Evet, Babil Kitaplığı serisiyle devam ediyoruz. Edgar Allan Poe'nin öykülerini okudum bugün. Kitabın önsözünden anladığımız kadarıyla bir eleştirmen onu Alman romantiklerine öykünmek ile suçlayınca, dehşetin Almanya'ya özgü olmadığını, ruha özgü olduğunu söylemiş Poe. Haklı da.
Kitapta her biri birbirinden etkileyici öyküler yer alıyor. Poe'nun öyküleri ile tanışmam üniversite öğrenciliğime gidiyor. Selçuk Üniversitesi'nin kütüphanesinde bulduğum bir kitabıydı ilk elime geçen. O zamanlar toplu öyküleri tek cilt değil fasikuller halinde basılmıştı. Bu da ilk cildiydi. Okurken yaşadığım duyguyu en iyi özetleyen kelime "gerilmek" olmuştu. Karnıma ağrılar girmişti adeta.

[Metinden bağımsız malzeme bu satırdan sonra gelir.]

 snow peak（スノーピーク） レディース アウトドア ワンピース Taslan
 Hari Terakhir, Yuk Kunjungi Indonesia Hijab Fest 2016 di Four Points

Bu kitapta aynı duyguları yeniden yaşadım. Geçtiğimiz günlerde Toplu Öyküler'ine (tek cilt olan) başlamayı denemiştim ama taşınma sürecine denk geldiği için kalmıştı öyle... Devam etsem mi acaba? diye düşünmedim değil.
Kitapta Borges'in inanılmaz derecede etkilendiği Kuyu ve Sarkaç isimli öykü de yer alıyor. Bu öykü gerçekten inanılmaz bir etkileyiciliğe sahip. Aslında anlattığı hikayede bir büyü yahut dünya üstü bir şey yok. Ancak yarattığı kasvetli atmosfer ile klastrofibik havası yetiyor!
Babil kitaplığı serisine devam edeceğim yine!